I don’t want to admit it, but she’s right. I told Cadence the reason for me changing was her, but it wasn’t. I made it about her, putting the weight of it on her but it was me the entire time. I
’m just like Kayden. I got tired of being someone I couldn’t stand looking at in the mirror every morning and was just looking for the right motivation to change it. I found it in her and I’ve been changing ever since, even though my reason is no longer there.
“Her not being here, I’m not okay with it. I’m not okay with the way we left things.” I confess, not sure where it comes from but needing to get it out before it eats me alive.
“Well, if you’re not happy with the way things are, you know what you have to do, don’t you?”
Yeah I do. I need to fix it. I need to go to her and I need to make her understand everything that I’ve learned here today, what I’ve been learning since before she even left four days ago. I can’t do it though. I ran out of chances.
“I can’t fix it this time, Ms. T. I tried that day to make her see the truth, the way I felt about her and it wasn’t enough to make her stay.”

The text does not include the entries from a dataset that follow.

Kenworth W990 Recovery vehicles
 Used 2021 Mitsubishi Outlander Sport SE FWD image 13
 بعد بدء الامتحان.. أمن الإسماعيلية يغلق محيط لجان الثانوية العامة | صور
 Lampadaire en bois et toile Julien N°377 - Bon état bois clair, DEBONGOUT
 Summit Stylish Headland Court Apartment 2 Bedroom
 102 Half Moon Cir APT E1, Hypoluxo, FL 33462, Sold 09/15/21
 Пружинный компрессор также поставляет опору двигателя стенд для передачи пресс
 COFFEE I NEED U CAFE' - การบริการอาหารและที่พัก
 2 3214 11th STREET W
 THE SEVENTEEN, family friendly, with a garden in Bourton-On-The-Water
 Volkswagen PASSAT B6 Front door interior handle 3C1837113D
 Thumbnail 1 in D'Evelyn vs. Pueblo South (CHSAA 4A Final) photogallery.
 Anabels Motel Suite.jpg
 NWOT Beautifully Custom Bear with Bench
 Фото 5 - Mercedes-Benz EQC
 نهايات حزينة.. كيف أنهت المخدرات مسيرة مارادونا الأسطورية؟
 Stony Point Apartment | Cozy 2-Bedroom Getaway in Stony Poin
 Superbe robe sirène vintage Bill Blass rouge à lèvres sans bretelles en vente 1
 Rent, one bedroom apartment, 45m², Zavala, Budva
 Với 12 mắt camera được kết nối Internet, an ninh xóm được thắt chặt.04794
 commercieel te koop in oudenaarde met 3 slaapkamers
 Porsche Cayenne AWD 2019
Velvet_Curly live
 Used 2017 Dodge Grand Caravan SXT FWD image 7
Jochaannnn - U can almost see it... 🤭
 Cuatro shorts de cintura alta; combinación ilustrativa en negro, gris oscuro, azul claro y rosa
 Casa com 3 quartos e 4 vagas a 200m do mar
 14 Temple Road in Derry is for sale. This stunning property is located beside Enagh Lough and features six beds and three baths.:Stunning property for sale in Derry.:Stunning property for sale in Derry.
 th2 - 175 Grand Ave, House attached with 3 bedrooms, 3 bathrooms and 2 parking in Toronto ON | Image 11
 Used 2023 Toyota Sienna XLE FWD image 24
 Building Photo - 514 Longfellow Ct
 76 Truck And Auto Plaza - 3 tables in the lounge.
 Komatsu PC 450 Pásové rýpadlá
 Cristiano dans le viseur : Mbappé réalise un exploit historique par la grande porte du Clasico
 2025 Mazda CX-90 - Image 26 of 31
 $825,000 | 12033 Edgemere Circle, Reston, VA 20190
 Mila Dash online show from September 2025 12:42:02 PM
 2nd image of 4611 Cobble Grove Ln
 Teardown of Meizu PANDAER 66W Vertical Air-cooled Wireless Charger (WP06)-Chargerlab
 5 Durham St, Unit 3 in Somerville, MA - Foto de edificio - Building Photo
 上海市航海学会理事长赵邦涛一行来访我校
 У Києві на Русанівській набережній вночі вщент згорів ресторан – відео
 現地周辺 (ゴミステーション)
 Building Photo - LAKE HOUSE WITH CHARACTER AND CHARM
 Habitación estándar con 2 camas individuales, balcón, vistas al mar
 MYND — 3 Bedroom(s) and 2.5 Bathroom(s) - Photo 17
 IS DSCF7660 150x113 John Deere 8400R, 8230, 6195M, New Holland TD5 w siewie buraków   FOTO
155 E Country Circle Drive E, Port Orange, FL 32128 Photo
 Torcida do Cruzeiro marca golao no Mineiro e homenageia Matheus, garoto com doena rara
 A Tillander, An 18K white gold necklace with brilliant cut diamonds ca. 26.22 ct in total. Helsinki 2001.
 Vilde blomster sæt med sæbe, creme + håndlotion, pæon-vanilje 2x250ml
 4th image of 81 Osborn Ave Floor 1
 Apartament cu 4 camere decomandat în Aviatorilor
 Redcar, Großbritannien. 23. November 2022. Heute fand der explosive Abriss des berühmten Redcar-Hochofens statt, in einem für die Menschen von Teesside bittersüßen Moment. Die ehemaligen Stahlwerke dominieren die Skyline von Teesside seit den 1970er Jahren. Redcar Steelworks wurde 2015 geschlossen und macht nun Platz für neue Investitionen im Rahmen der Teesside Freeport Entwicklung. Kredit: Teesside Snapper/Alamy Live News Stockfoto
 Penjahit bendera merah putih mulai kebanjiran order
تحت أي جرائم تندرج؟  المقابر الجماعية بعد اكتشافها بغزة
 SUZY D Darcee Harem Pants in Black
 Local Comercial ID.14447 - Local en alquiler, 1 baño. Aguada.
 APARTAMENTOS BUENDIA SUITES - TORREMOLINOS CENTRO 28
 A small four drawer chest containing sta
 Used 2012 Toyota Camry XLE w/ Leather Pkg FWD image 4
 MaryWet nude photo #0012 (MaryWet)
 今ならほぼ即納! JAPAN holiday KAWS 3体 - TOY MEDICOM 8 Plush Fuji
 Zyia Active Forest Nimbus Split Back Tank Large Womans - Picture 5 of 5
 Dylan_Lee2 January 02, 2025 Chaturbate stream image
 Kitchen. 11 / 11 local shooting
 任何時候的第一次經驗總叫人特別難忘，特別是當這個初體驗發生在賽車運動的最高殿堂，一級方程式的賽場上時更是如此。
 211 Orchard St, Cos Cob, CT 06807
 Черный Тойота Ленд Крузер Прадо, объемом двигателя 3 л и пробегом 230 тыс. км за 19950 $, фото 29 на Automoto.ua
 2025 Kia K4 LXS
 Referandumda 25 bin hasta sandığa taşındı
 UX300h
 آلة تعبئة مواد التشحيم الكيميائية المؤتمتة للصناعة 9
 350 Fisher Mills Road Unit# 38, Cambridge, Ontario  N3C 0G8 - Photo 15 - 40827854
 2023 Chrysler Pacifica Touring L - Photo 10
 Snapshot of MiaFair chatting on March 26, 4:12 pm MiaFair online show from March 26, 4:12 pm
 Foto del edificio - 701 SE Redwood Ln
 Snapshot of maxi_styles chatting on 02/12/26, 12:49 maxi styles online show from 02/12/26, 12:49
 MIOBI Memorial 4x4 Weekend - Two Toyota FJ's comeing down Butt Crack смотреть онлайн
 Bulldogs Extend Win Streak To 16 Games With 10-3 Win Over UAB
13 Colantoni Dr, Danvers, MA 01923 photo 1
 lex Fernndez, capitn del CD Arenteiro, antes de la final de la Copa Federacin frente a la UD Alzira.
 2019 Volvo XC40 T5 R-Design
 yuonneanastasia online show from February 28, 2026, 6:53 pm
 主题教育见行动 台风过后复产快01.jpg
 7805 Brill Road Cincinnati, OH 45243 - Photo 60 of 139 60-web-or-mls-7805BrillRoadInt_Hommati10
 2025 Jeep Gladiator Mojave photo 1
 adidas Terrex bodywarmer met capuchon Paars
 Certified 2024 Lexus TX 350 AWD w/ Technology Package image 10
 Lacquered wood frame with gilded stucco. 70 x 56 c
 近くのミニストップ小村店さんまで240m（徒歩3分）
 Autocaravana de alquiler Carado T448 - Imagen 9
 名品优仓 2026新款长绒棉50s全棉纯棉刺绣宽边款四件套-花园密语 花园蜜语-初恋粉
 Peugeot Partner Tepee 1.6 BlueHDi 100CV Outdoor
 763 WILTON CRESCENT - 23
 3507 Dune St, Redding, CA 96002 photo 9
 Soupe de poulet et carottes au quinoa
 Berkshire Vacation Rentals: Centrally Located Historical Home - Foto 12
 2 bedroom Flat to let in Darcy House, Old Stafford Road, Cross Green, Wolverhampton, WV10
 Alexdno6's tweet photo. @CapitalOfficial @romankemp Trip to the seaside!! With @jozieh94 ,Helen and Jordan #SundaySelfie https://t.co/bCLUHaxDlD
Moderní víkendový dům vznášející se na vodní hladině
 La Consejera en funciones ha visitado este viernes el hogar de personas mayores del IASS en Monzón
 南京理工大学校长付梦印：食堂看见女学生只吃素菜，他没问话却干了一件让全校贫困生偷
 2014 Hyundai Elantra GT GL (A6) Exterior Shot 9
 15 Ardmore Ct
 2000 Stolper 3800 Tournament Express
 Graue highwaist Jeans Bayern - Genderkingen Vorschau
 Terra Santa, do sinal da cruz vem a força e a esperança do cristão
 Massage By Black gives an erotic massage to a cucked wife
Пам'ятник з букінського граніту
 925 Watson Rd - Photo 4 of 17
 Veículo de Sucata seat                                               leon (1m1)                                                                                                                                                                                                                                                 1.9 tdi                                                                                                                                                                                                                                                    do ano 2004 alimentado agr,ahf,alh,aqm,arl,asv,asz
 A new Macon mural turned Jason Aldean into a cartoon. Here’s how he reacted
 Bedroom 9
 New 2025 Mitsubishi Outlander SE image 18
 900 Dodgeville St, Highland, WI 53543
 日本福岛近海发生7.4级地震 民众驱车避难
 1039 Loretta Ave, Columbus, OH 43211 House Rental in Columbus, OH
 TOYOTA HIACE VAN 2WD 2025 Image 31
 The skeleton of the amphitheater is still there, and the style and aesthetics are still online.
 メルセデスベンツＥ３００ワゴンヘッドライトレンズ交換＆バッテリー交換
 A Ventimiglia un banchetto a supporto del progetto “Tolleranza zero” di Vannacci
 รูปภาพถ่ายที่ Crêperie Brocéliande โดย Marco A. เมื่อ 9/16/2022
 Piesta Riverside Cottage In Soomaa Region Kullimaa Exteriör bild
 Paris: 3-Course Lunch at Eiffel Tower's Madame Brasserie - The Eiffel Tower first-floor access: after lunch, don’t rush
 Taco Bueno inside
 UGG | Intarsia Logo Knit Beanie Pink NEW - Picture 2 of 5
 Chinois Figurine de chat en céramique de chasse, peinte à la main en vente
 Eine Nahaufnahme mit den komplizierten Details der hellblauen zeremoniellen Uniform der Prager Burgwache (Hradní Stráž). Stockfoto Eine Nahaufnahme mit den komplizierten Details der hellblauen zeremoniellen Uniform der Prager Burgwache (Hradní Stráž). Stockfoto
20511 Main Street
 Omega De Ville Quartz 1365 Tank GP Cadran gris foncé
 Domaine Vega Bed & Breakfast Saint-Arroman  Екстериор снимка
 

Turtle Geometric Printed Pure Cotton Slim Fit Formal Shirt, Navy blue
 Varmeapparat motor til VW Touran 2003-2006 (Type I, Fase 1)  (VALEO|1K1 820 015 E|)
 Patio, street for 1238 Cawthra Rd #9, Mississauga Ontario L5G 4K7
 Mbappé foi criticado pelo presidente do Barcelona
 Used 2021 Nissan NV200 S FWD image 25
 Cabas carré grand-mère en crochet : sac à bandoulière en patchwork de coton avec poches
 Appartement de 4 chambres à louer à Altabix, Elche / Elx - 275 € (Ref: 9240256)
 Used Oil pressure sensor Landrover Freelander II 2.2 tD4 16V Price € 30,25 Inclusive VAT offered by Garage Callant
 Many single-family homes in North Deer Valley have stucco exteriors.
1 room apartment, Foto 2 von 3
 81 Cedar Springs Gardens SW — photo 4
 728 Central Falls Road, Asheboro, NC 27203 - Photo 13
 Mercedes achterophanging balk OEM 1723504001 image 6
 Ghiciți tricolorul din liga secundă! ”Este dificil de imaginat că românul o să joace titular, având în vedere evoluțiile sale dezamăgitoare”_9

“You want to know a secret? A little bit of information I’ve picked up over the years?”
“Sure.”
“Love isn’t about trying, failing and giving up because it didn’t work out the way you wanted it too. It’s continuing to try despite it.”
Chapter Twenty-Two
Dillon
I’m not the guy that tries. If it doesn’t come easy to me there’s just never been a point. That’s probably because I’ve been handed everything for so long that trying never entered into the equation.
Two weeks.
Fourteen days.
One girl.
That’s all it took for everything I’ve spent the last six years believing and feeling secure in, to change. I’m not sure from one second to the next if I’m moving up or down, forward or backward, but what I do know is that everything I’ve been through these last two weeks, I wouldn’t change for the world.
It started out so simple. Spy the new girl in the special needs class, get her to talk to me, bring her as close as possible to me and then completely destroy her for my own amusement. That’s not what ended up happening at all. If anything, she brought me in as close as she could and been the one to destroy me.